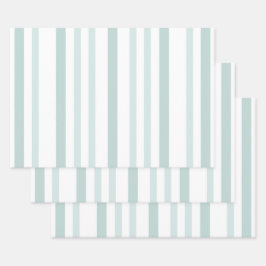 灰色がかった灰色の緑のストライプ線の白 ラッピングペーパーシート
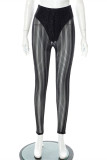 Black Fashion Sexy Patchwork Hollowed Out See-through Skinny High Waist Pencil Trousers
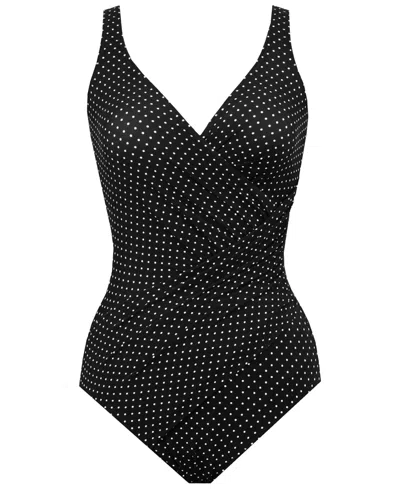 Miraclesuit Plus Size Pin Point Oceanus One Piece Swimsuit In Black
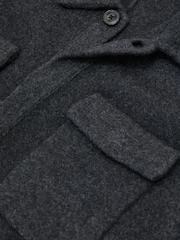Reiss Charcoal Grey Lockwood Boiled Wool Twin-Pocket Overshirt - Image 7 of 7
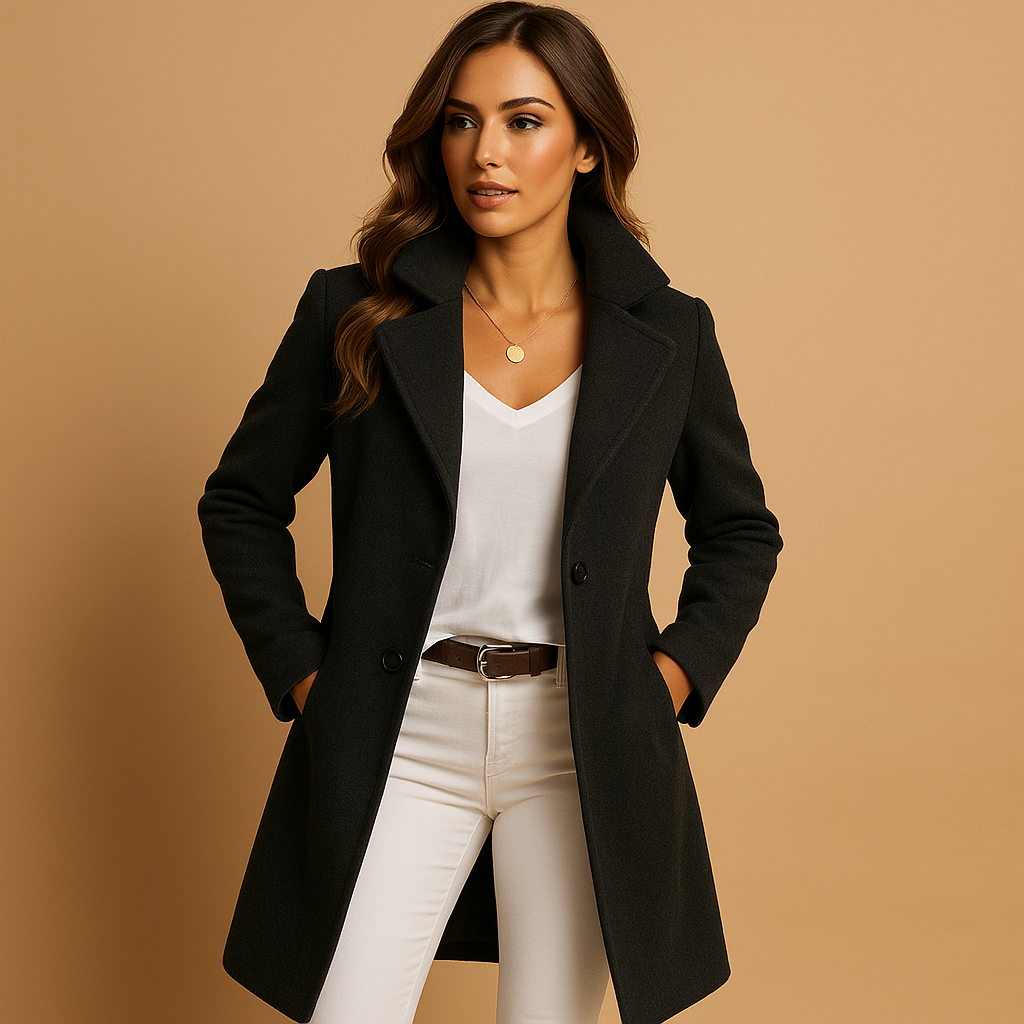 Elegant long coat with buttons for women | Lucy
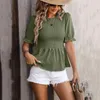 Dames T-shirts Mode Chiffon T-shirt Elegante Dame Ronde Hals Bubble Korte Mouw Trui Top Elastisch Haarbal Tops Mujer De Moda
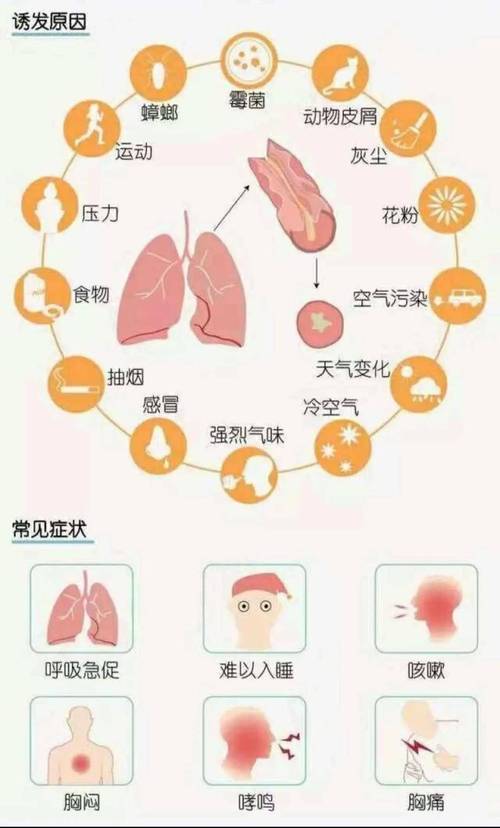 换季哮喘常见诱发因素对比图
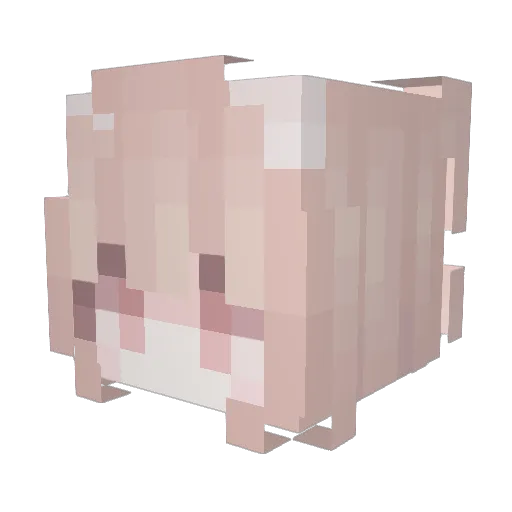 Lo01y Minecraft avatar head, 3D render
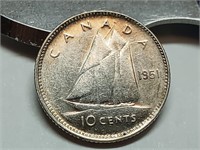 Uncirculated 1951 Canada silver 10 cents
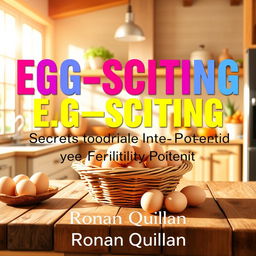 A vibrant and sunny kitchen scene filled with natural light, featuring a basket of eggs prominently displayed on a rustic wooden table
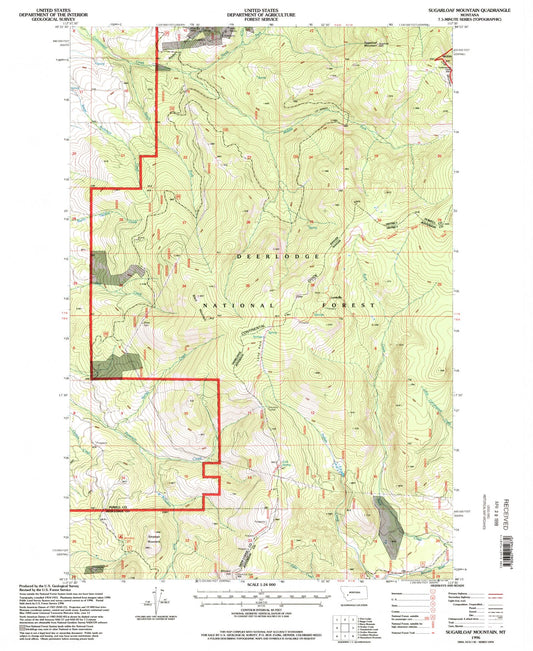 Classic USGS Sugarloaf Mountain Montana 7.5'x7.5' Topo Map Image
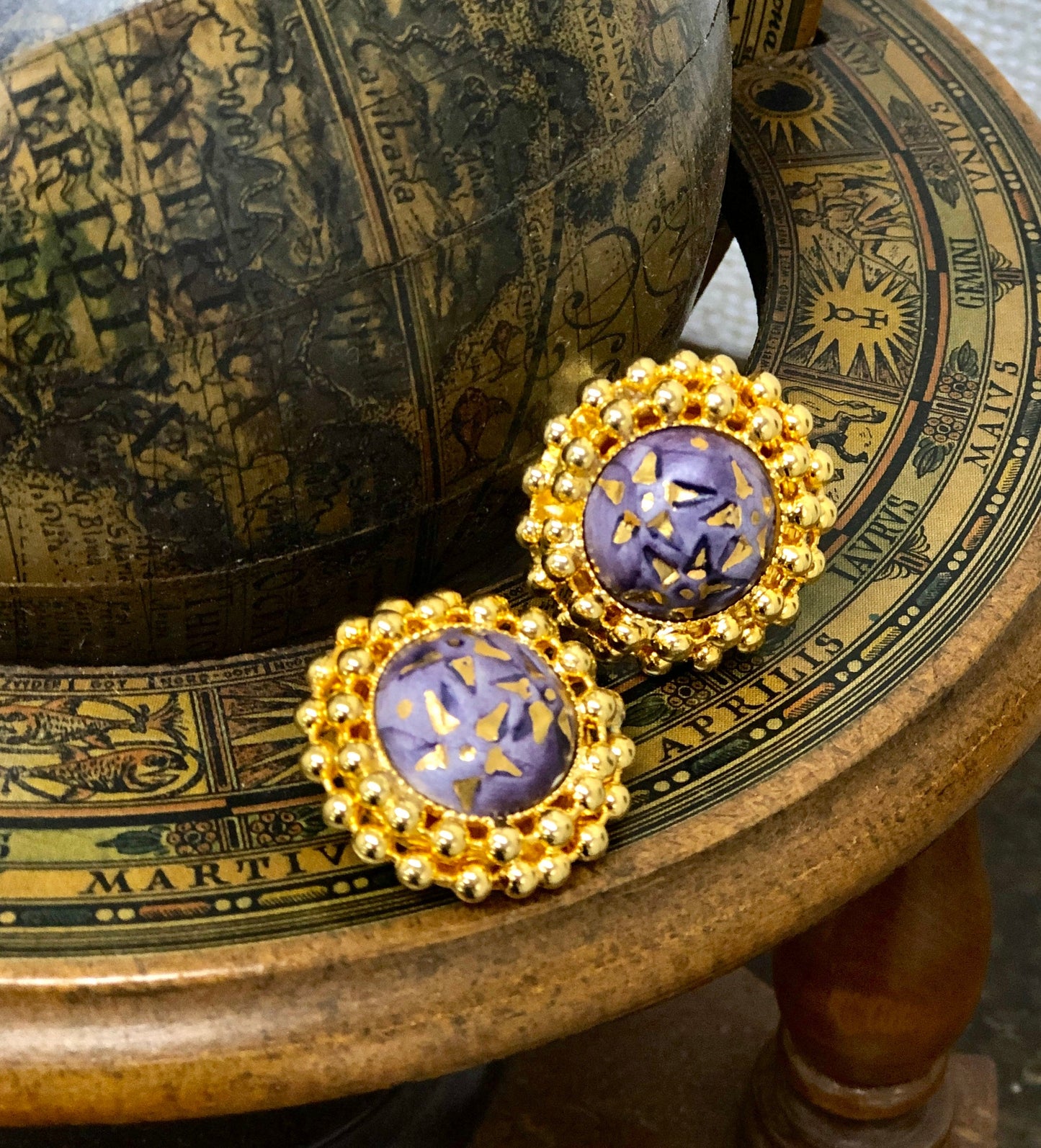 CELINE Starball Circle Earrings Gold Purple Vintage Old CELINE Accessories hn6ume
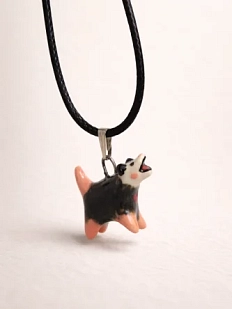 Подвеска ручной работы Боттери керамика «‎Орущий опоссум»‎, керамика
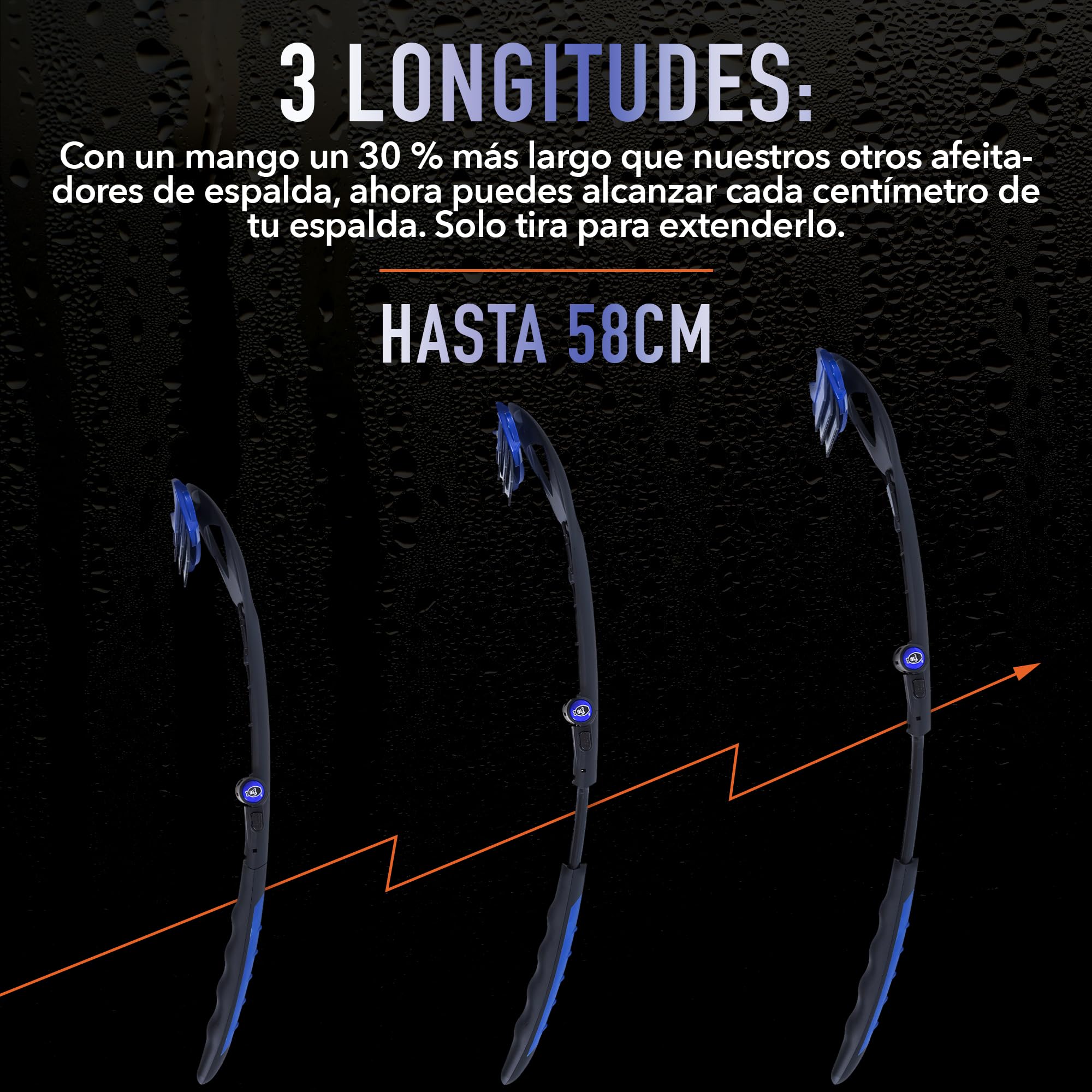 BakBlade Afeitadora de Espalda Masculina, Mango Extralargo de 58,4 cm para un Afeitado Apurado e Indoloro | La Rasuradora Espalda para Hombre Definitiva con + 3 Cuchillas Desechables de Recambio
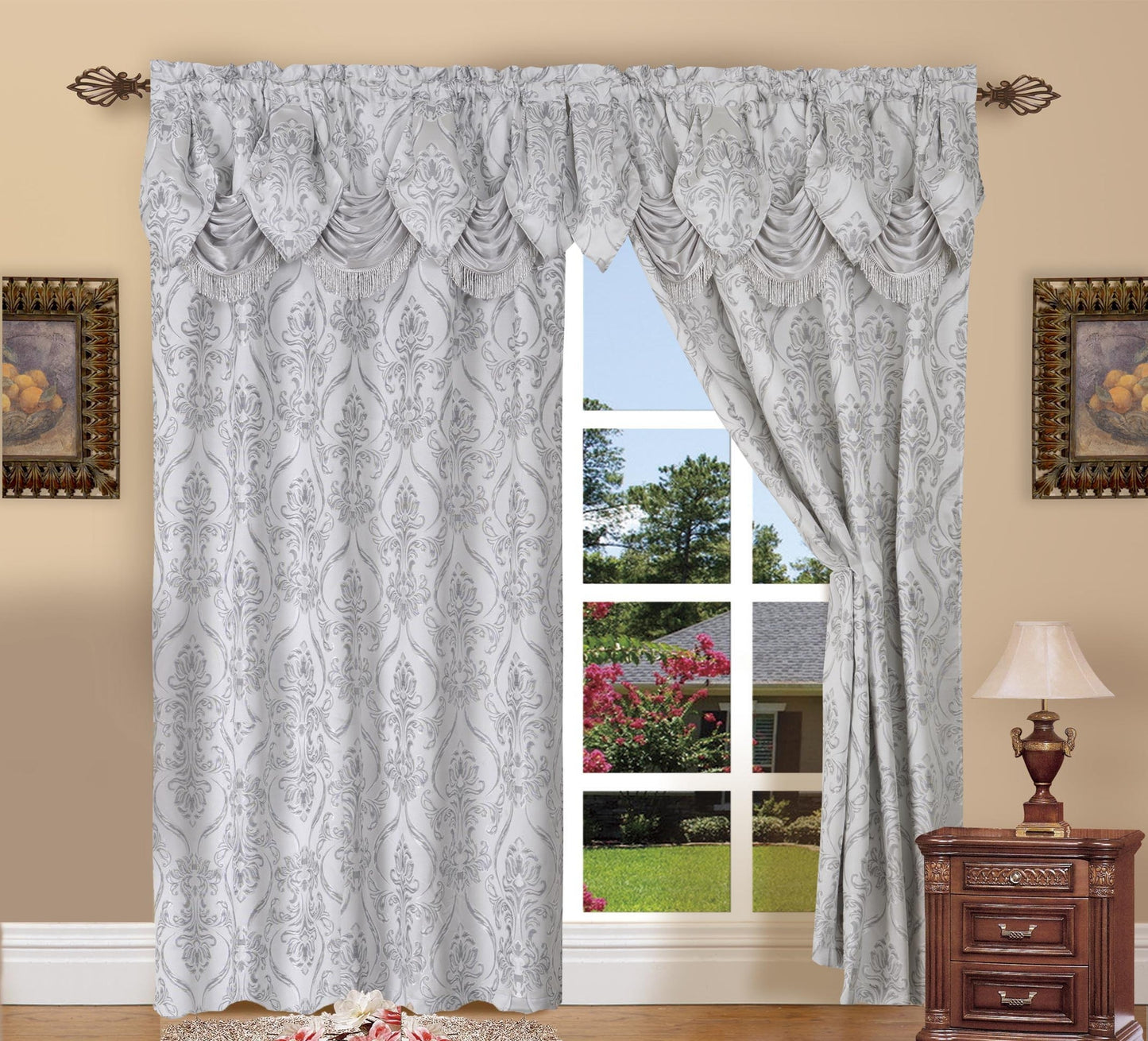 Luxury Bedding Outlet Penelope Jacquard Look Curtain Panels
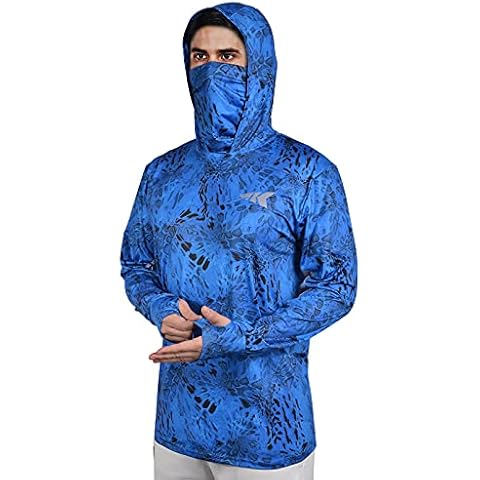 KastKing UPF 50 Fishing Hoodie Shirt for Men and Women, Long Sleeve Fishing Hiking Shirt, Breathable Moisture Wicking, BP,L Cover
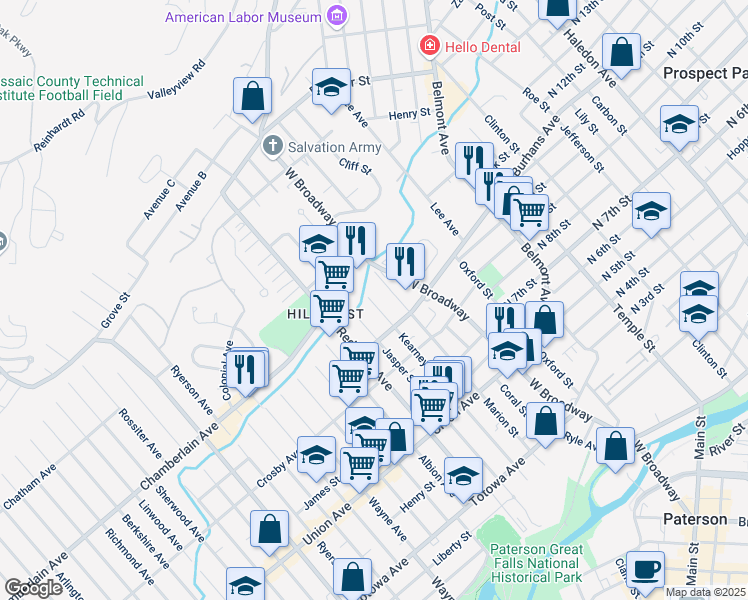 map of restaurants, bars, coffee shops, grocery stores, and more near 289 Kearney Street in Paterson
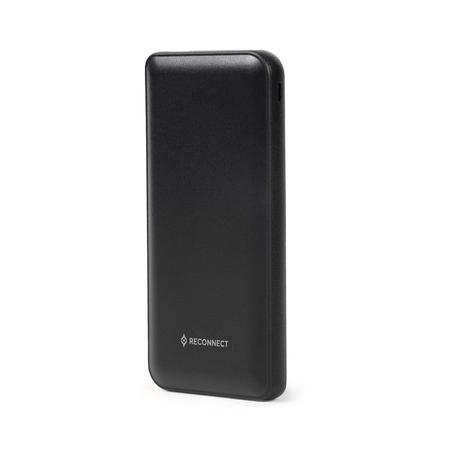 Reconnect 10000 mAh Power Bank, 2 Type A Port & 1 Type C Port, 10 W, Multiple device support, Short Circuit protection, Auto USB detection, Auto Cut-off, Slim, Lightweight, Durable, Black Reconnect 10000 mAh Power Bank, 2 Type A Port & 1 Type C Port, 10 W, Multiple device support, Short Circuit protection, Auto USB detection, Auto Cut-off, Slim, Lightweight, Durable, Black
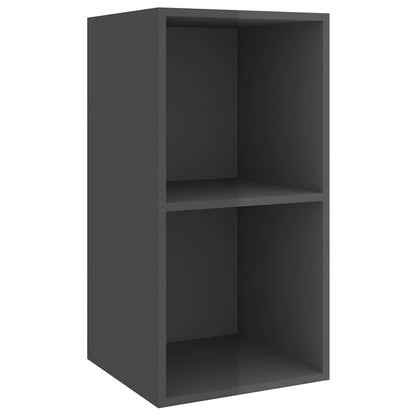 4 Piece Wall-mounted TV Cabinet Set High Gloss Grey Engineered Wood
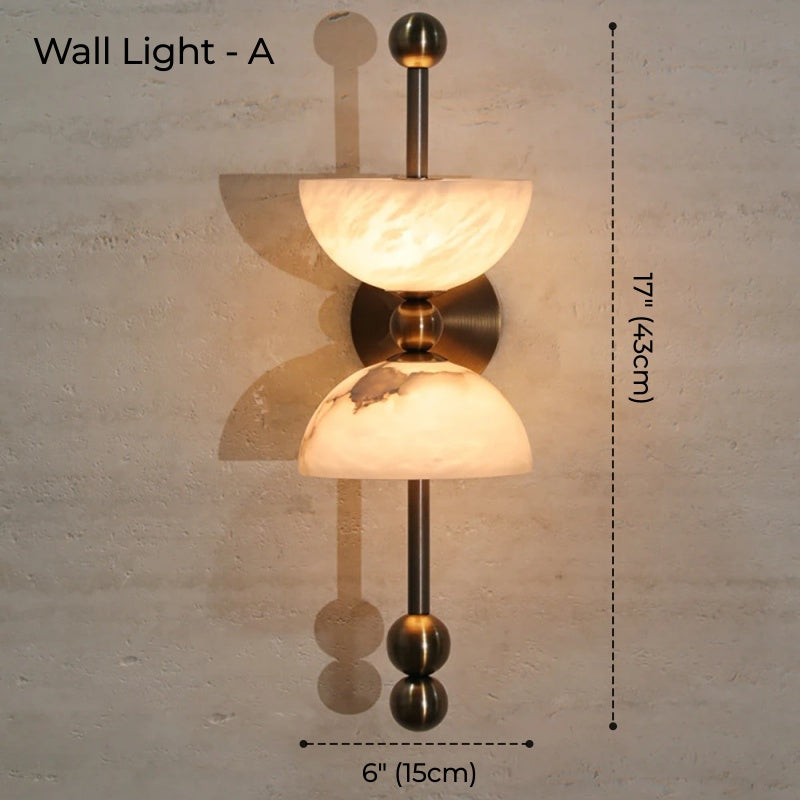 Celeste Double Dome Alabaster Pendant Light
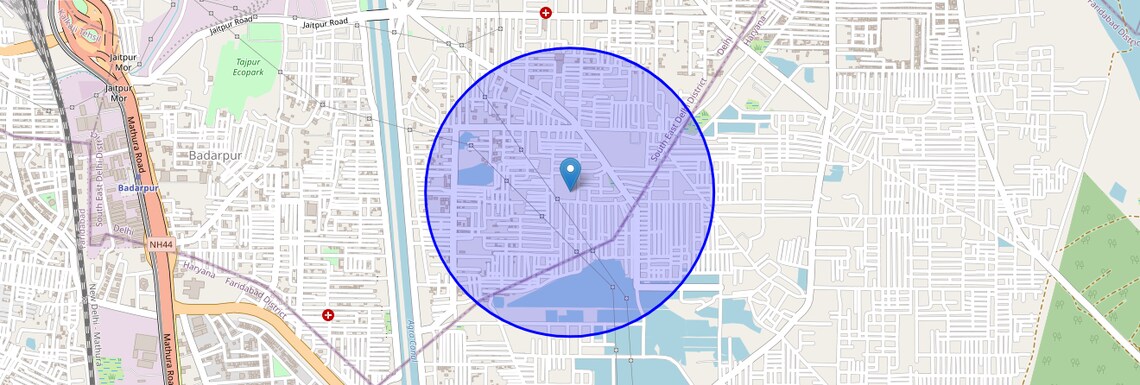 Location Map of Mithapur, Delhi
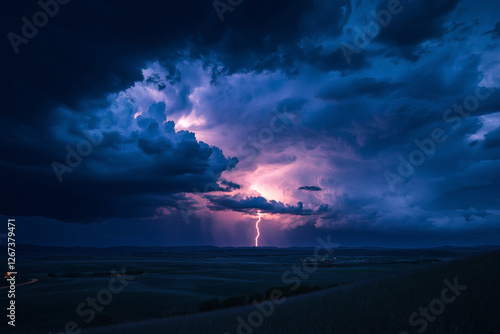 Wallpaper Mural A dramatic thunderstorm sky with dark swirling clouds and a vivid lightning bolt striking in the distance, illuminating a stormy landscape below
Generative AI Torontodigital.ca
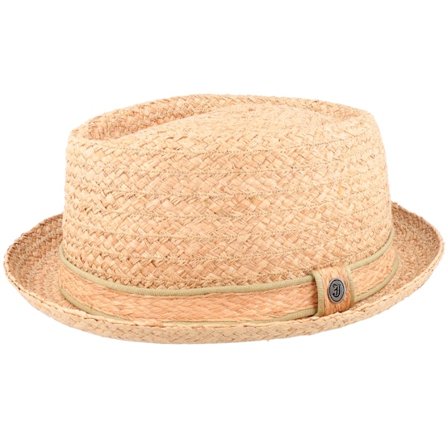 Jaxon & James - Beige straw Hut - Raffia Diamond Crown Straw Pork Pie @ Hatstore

--------------------

▸ Problem description: Omit the pictures; set down each record exactly.

▸ Problem solution:
 灰色がかった灰色の緑のストライプ線の白 ラッピングペーパーシート
 Black Fashion Sexy Patchwork Hollowed Out See-through Skinny High Waist Pencil Trousers
 Miraclesuit Plus Size Pin Point Oceanus One Piece Swimsuit In Black
Reiss Charcoal Grey Lockwood Boiled Wool Twin-Pocket Overshirt - Image 7 of 7
 Elegant long coat with buttons for women | Lucy
 Dames T-shirts Mode Chiffon T-shirt Elegante Dame Ronde Hals Bubble Korte Mouw Trui Top Elastisch Haarbal Tops Mujer De Moda
 换季哮喘常见诱发因素对比图
 Lo01y Minecraft avatar head, 3D render
 Uncirculated 1951 Canada silver 10 cents
 A vibrant and sunny kitchen scene filled with natural light, featuring a basket of eggs prominently displayed on a rustic wooden table
 Classic USGS Sugarloaf Mountain Montana 7.5'x7.5' Topo Map Image
 CELINE Starball Circle Earrings Gold Purple Vintage Old CELINE Accessories hn6ume
 Подвеска ручной работы Боттери керамика «‎Орущий опоссум»‎, керамика
 BakBlade Afeitadora de Espalda Masculina, Mango Extralargo de 58,4 cm para un Afeitado Apurado e Indoloro | La Rasuradora Espalda para Hombre Definitiva con + 3 Cuchillas Desechables de Recambio
 Luxury Bedding Outlet Penelope Jacquard Look Curtain Panels
 KastKing UPF 50 Fishing Hoodie Shirt for Men and Women, Long Sleeve Fishing Hiking Shirt, Breathable Moisture Wicking, BP,L Cover
 map of restaurants, bars, coffee shops, grocery stores, and more near 289 Kearney Street in Paterson
 Reconnect 10000 mAh Power Bank, 2 Type A Port & 1 Type C Port, 10 W, Multiple device support, Short Circuit protection, Auto USB detection, Auto Cut-off, Slim, Lightweight, Durable, Black Reconnect 10000 mAh Power Bank, 2 Type A Port & 1 Type C Port, 10 W, Multiple device support, Short Circuit protection, Auto USB detection, Auto Cut-off, Slim, Lightweight, Durable, Black
 4 Piece Wall-mounted TV Cabinet Set High Gloss Grey Engineered Wood
 Celeste Double Dome Alabaster Pendant Light
 Location Map of Mithapur, Delhi
 Wallpaper Mural A dramatic thunderstorm sky with dark swirling clouds and a vivid lightning bolt striking in the distance, illuminating a stormy landscape below
Generative AI Torontodigital.ca
 Jaxon & James - Beige straw Hut - Raffia Diamond Crown Straw Pork Pie @ Hatstore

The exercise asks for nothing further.